With a good, steamy bath, endive melts into a soft, silky tangle. Its bitterness settles into a subtle complexity, an earthy sophistication smoothed by the velvet hand of heavy cream and a salty slap of prosciutto.
Braised into submission, it shares the plate quite nicely with roasted chicken or pork loin, but I’ll take my endive on its own, as a light but rich winter supper, with bread for sopping up the creamy pan juices and a simple green salad to start. There is no bitter pill that can’t be made better by braising—which is, if you ask me, all I really need to know anyway.
Braised Endive with Prosciutto
Adapted from All About Braising, by Molly Stevens
The original version of this recipe calls for browning the endive in butter, which helps to tame its bitterness, but with a feeble nod to my arteries, I have instead substituted olive oil for two-thirds of the butter. Happily, the end result does not seem to have suffered, and so far, neither have my arteries. For best results, choose endive with sleek, tight leaves and no bruises or discolorations, and opt for smaller specimens over large ones.
1 ½ pounds Belgian endive
2 Tbs olive oil
1 Tbs unsalted butter
3 thin slices prosciutto (about 2 ounces), cut crosswise into 1-inch-wide strips
½ cup good-quality chicken broth or stock
¼ cup heavy cream
Coarse salt, such as Maldon salt
Freshly ground black pepper
Preheat the oven to 375 degrees Fahrenheit.
Rinse the endive, dry them lightly, and remove their outermost leaves. If the root end is brown or looks dried out, trim it lightly. Cut each endive in half lengthwise.
Warm the olive oil in a large nonstick skillet over medium heat. Add as many endive as will fit in a loose layer, cut side down, and cook until the cut sides are nicely browned, about 4 minutes. Flip the endive, and cook them for a minute or two on the other side; them remove them to a large (9” by 13”) baking dish, arranging them cut side up. Add the butter to the skillet. When it has melted and is no longer foaming, add the remaining endive, and brown them as instructed above and place them in the baking dish. The endive should fit in a single layer in the dish.
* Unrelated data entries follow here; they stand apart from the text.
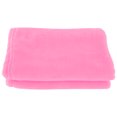 thumbnail image 1 of Acogedora manta de felpa a rayas para interiores y exteriores: rosa pastel, 1 of 8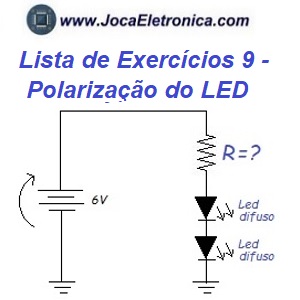 Lista de exercícios 9 – Polarização do LED
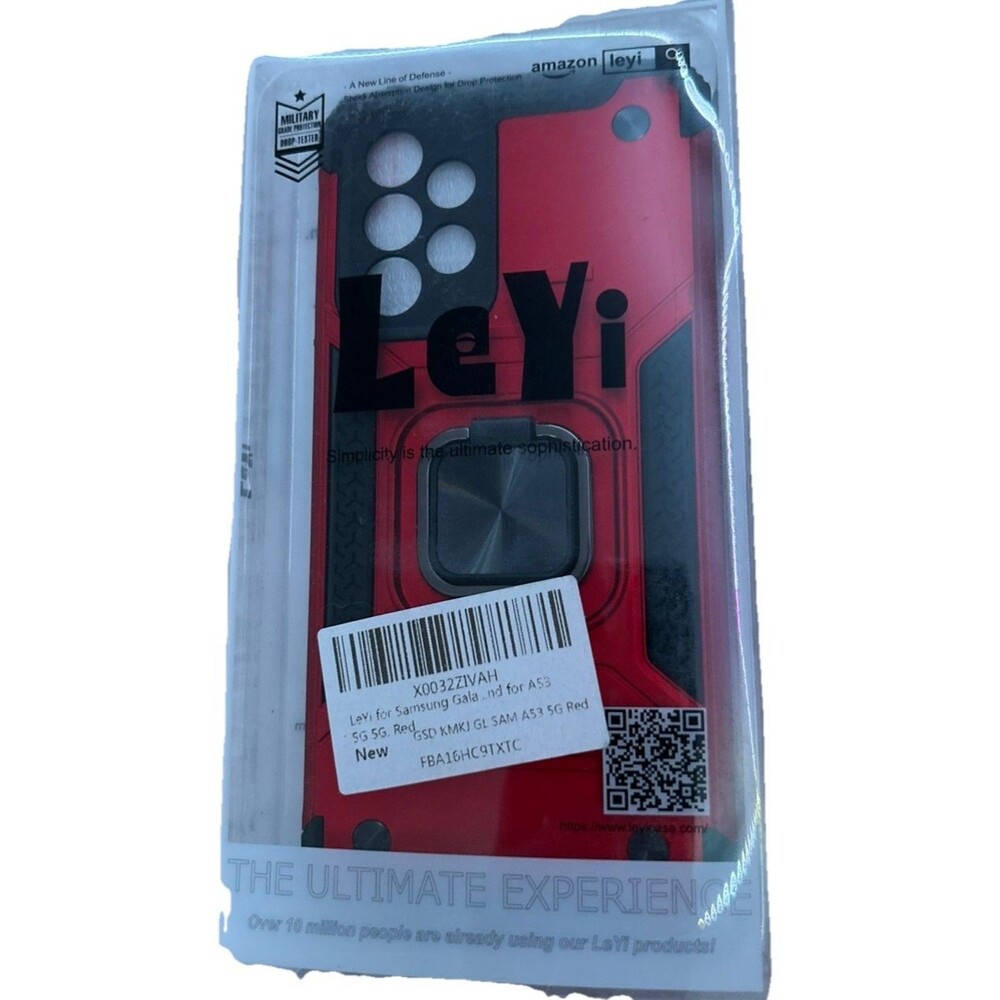 Leyi For Samsung Galaxy A53 5G Phone Case w/Kickstand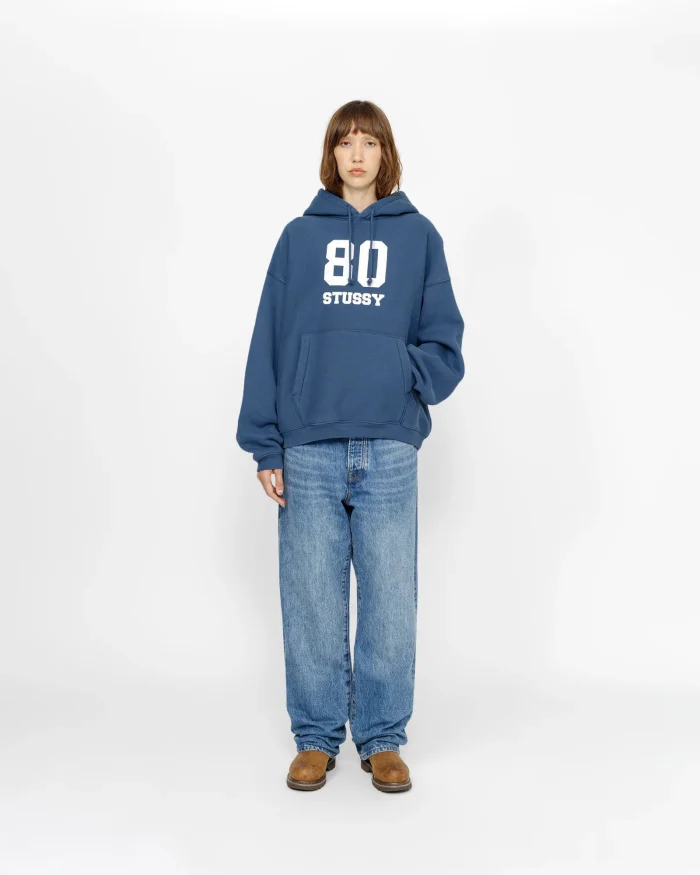 80 RELAXED BLUE HOODIE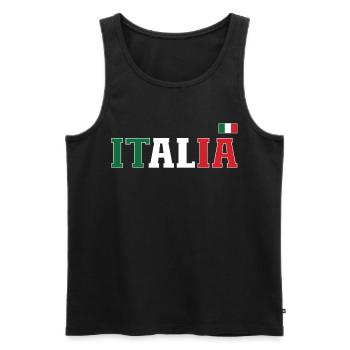 Italie Drapeau - Débardeur bio Premium Homme - noir - Devant - Michal (187cm)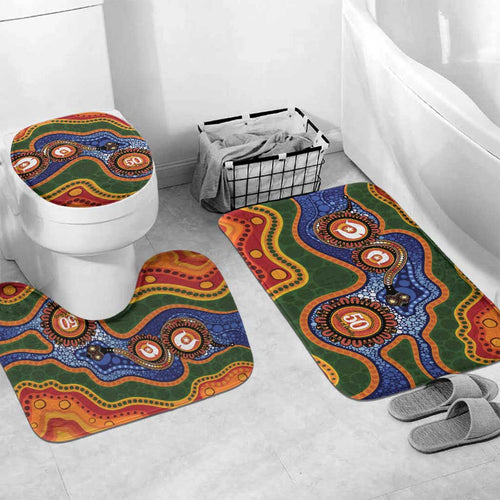 Australia NAIDOC Week 2026 Bathroom Set 50 Years of Deadly Dhari Snake Aboriginal Art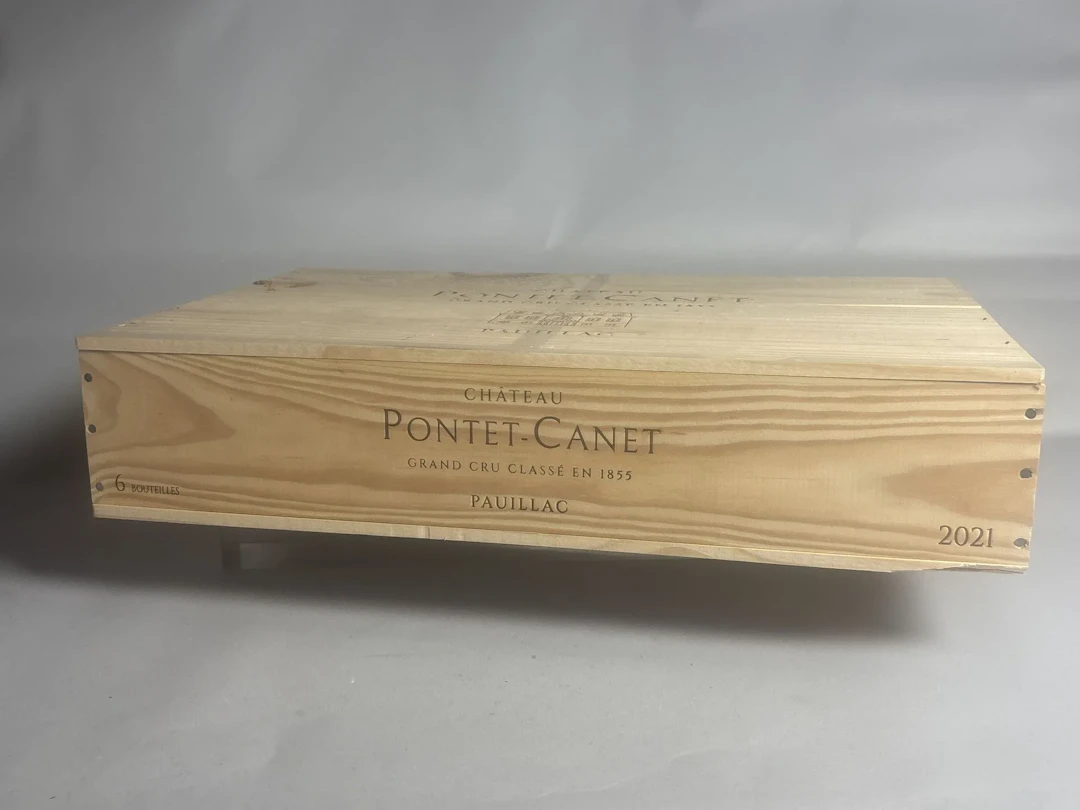 6 Bottles, Château PONTET CANET 2021 - 5th GCC Pauillac, in - Lot 184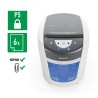 Niszczarka Leitz IQ OptiMax Home Office 225, 15l, P5, 6 kartek, Automatyczny Start/Stop, Funkcja cofania, Obrotowy pojemnik - Niszczarka Leitz IQ OptiMax Home Office 225, 15l, P5, 6 kartek, Automatyczny Start/Stop, Funkcja cofania, Obrotowy pojemnik -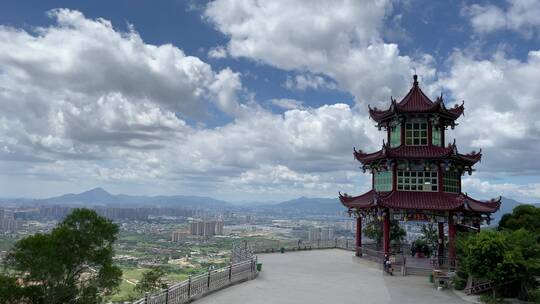 山顶风景延时4K实拍视频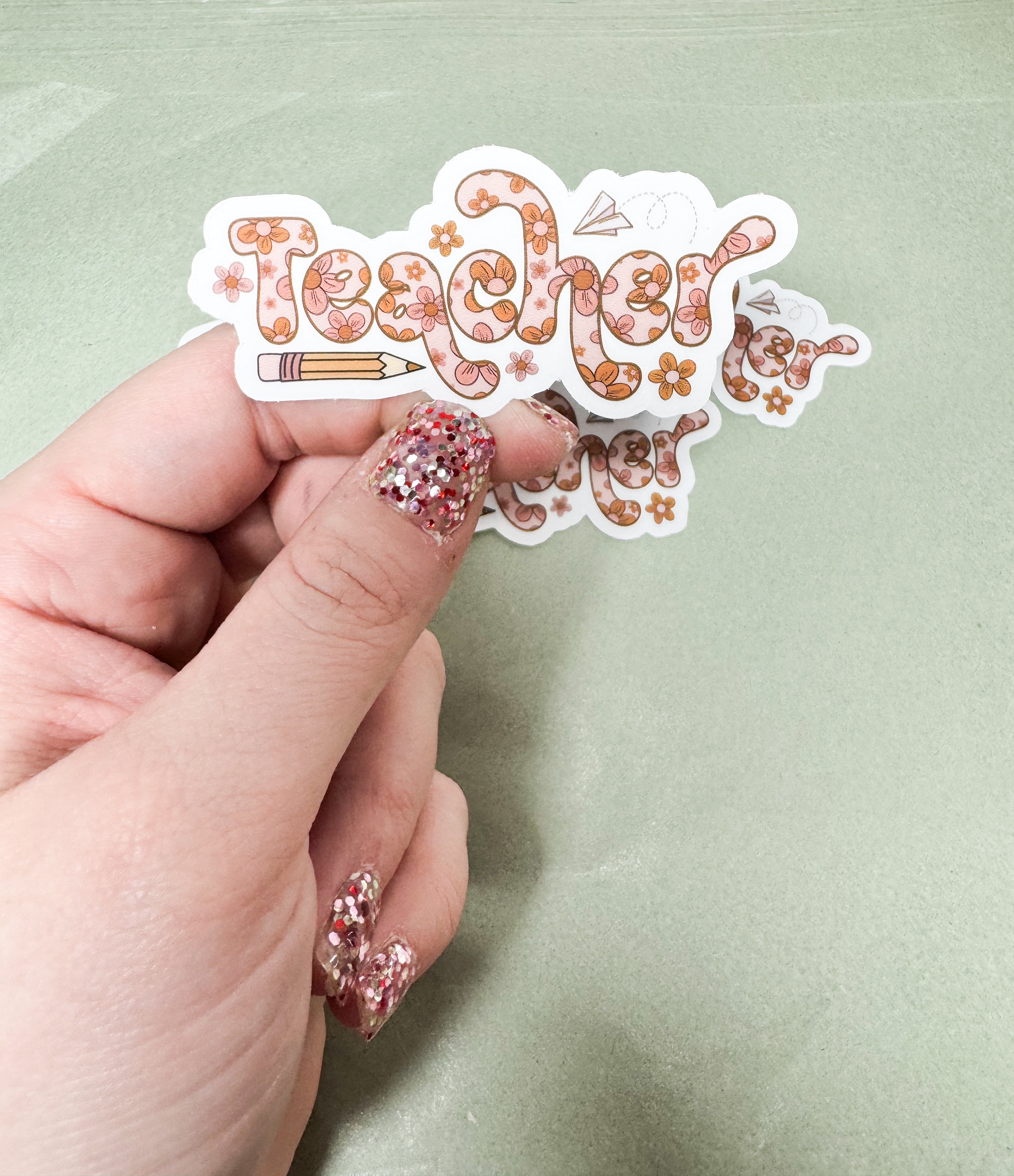 Teacher Clear Vinyl Sticker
There should still be a thin sheen of butter in the skillet. Still over medium heat, add the prosciutto to the skillet, and turn them gently but quickly to slick them with butter. Tuck the strips between, around, and on top of the endive in the baking dish.
Pour the chicken broth into the skillet, and bring it to a boil over medium-high heat. Using a wooden spoon or spatula, scrape the skillet to loosen any flavorful bits; then pour the hot broth over the endive and prosciutto in the baking dish.
Cover the dish snugly with foil, slide it into the oven, and braise the endive until they are very tender when pierced with a paring knife, about 35 minutes. Remove the foil, and baste the endive by spooning over any juices in the pan. If the pan is dry, add 2 Tbs of water. Braise, uncovered, for another 8 to 10 minutes, until the pan juices have turned a caramel color and have almost completely evaporated. Pour over the heavy cream, and bake until it takes on a caramel color, about 6 minutes more. Serve warm or at room temperature, with salt and pepper to taste.
Yield: 3 to 6 servings, depending on what else is on the plate.